Does the fact that your ticket is in section O, row 5 really show your dedication to the Cardinal and White when you’re passed out on Regent Street by 7 p.m.? It’s not the ticket, or the waiting in line that shows your pride for the Badgers; it’s how you perform at the game that truly counts.
This past weekend those individuals who waited for more than a week to redeem their hockey vouchers in the brisk fall weather received redemption Sunday morning. Herds of fans walked away from the Kohl Center and used the rest of their weekend to gloat to friends studying in the library. Ah yes, glass seats, doesn’t get much better. Let me be the first to welcome you to the Promised Land. If you’re lucky you may even have seats that aren’t a direct head-on view, and you can watch the games in relative obscurity for a full season.
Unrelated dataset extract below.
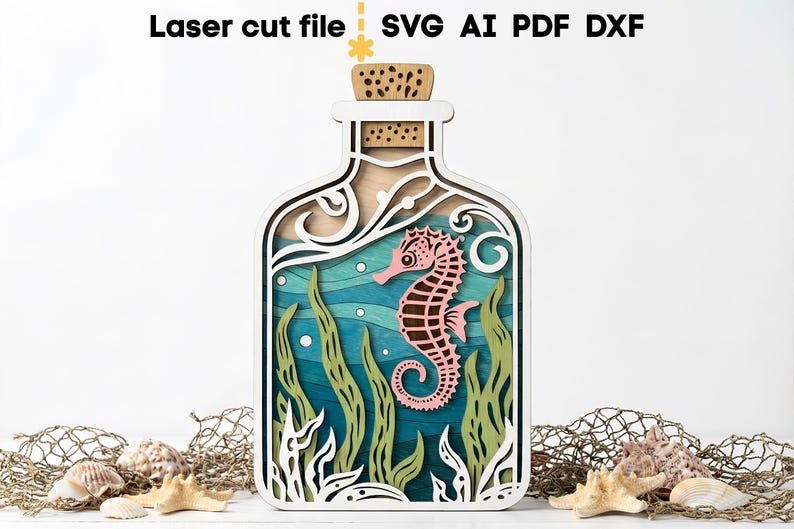 Lot de bouteilles de mer SVG. Fichier découpé au laser pour Glowforge, océan poisson dauphin hippocampe ancre navire sirène, Svg Dxf Ai Pdf Cdr, téléchargement immédiat image 3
With the hockey fans picking up their sleeping bags and drudging off the Kohl Center sidewalks leaving their “soda cans” and other remnants behind, we are left to see pure dedication. We are left staring in wonderment at those individuals waiting in line for tickets to a football game almost two weeks away.
I didn’t even want to leave my bed this morning, let alone go outside, and there they were, sure as the sun rising, the “super fans,” if I may. I don’t doubt their dedication to the team; it’s their sanity I question. Facing 20-mile-an-hour winds, frost advisories, bitterly cold rain and, of course, those pesky Madison Police Officers, these fans make me question some things.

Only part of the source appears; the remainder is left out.